AR500 Steel Targets - What to expect and how to make them last as many rounds as possible
January 01, 2016
AR500 Steel – Pitting Vs Warping
When you think of a target taking damage you're more than likely thinking of pitting. It’s the damage that occurs, to some extent, every time a high velocity (rifle) round strikes the target and is immediately visible. Many people have the misconception that the larger the caliber, the more damage it will cause to the target when in fact that is not true. During testing we shot a 3 .50 BMG rounds at our close range 1/2" AC zone target from 50 yards with no perceptable damage. Of course this is certainly not recommended and it wouldn't take long for that large of a round to warp the target but we simply had to know what it would do. Velocity is the true enemy of your AR500 target. At 100 yards I have seen .22-250 rounds go through 3/8" thick AR500 steel. The fast velocities (above 3,000 fps at impact) concentrated on a small caliber round create a lot of heat and pressure where it strikes the target. This in turn creates the pits that slowly (or quickly) chip away at our targets. In the picture below you can see the difference 50 yards makes to the target. I highlighted the diameter of the actual pitting because at 100 yards the pit is so shallow that the lead splatters outside of the actual "crater" and removes some paint making the pit look larger than it is in the photo. At 50 yards the pit is deeper with more defined edges resulting in no paint being removed. In most cases, the thickness of the target has no bearing on the amount of damage that it will sustain, the benefit to going thicker is that it won't warp from larger caliber rounds. One exception being .22-250 wherein it will poke holes in 3/8" thick AR500 and will only leave a large crater in 1/2" thick AR500 leaving the other side of the target in good shape.
tl;dr... Keeping the velocity of whatever round you're using to a minimum will increase the lifespan of your target. Anything about 3,000 fps at impact will drastically reduce the the lifespan of your target.

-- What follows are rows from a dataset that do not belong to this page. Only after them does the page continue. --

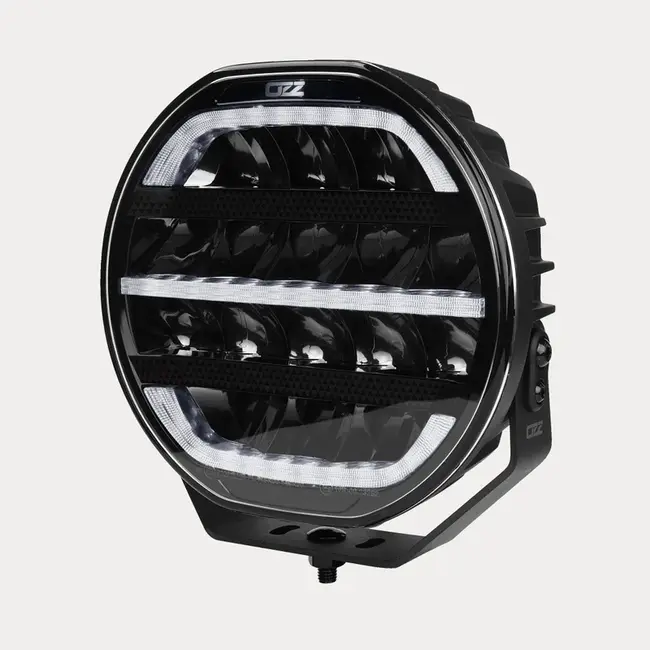 OZZ XR2 LED verstraler 7″ | 88103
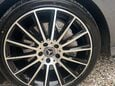 Mercedes-Benz C Class 2.1 C250d AMG Line G-Tronic+ Euro 6 (s/s) 4dr 28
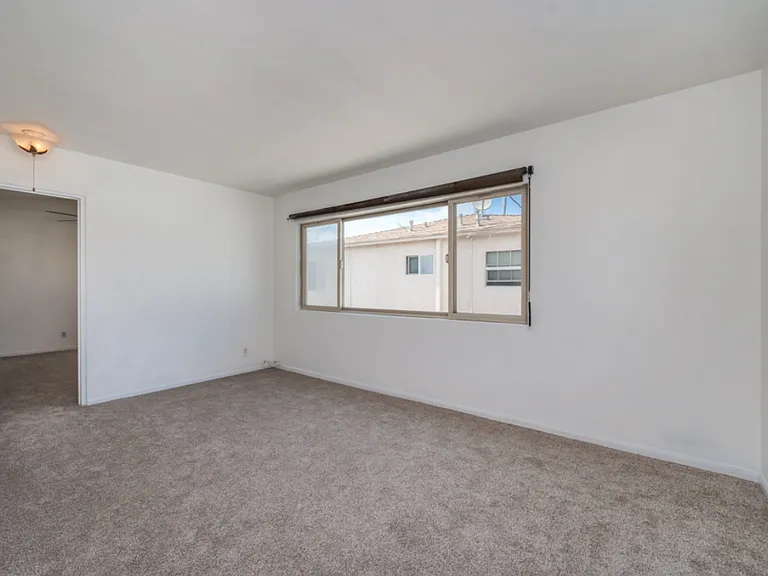 4159 Adams Ave #1A — Photo 13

Warping is caused by using a large caliber on a thin plate. Using a 250 grain .300 Win Mag cartridge won't cause much pitting but repeated use on a 3/8" thick target at 100 yards will bend the plate and can eventually result in bullet fragments bein deflected in an unsafe direction. You can get by using a 3/8" thick plate for larger calibers but you have to make sure to keep the distance to the targert further away and regularly inspect your target to make sure it's not warping. If it does slightly warp you can flip the target around and shoot at the other side but you need to make sure you keep on top of it so it doesn't warp too far in either direction. That's why you're better off paying a little more for thicker targets if you're going to be shooting larger caliber rifles.
tl;dr... Large calibers can cause your target to warp (bend). Thicker plates or longer ranges are the key to making your target last as long as possible.